Project Sole Survivor Preview
I can’t remember exactly when I first learned about the project called Sole Survivor, most likely sometime in mid-2012, but the project has certainly captivated me since. Expected to be released sometime in 2013, Sole Survivor is a documentary film by independent filmmaker Ky Dickens that takes a look at the individuals who have been the lone survivor of a large commercial plane crash. In the history of aviation, this has only happened 14 times, where everyone on board has perished, except for one survivor.
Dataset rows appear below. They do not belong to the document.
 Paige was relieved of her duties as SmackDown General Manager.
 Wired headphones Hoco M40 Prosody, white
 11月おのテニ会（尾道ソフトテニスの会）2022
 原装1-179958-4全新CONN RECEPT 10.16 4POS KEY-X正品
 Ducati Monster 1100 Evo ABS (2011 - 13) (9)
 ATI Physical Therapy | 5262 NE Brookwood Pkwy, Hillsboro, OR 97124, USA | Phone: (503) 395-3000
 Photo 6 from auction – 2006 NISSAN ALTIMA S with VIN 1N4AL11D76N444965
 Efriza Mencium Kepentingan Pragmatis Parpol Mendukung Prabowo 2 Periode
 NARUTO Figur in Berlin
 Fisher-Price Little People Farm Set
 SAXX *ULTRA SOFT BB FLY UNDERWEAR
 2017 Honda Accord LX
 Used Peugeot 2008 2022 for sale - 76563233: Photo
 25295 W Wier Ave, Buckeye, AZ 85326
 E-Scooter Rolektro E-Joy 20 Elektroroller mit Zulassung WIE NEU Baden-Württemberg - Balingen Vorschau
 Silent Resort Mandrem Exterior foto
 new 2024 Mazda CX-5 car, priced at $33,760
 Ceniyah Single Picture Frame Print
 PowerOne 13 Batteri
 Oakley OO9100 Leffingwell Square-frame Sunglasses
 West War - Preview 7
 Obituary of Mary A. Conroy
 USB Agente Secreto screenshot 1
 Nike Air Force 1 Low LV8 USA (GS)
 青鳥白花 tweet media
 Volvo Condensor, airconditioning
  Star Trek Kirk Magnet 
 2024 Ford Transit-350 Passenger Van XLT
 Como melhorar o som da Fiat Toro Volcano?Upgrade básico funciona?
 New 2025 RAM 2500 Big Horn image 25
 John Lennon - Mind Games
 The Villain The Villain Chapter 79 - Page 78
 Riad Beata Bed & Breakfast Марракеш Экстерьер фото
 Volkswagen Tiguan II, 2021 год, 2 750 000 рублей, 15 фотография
The immediate reaction to these statistics is that these people certainly must be among the luckiest individuals on the planet. But that isn't necessarily the case. The psychological scars and guilt of being the only person to survive a horrific plane crash weighs heavily on these individuals. To this day only four of the lone survivors have been able to come forward to talk about their struggles in understanding why they were spared and what it all means. The film takes a look at the lives of these four individuals.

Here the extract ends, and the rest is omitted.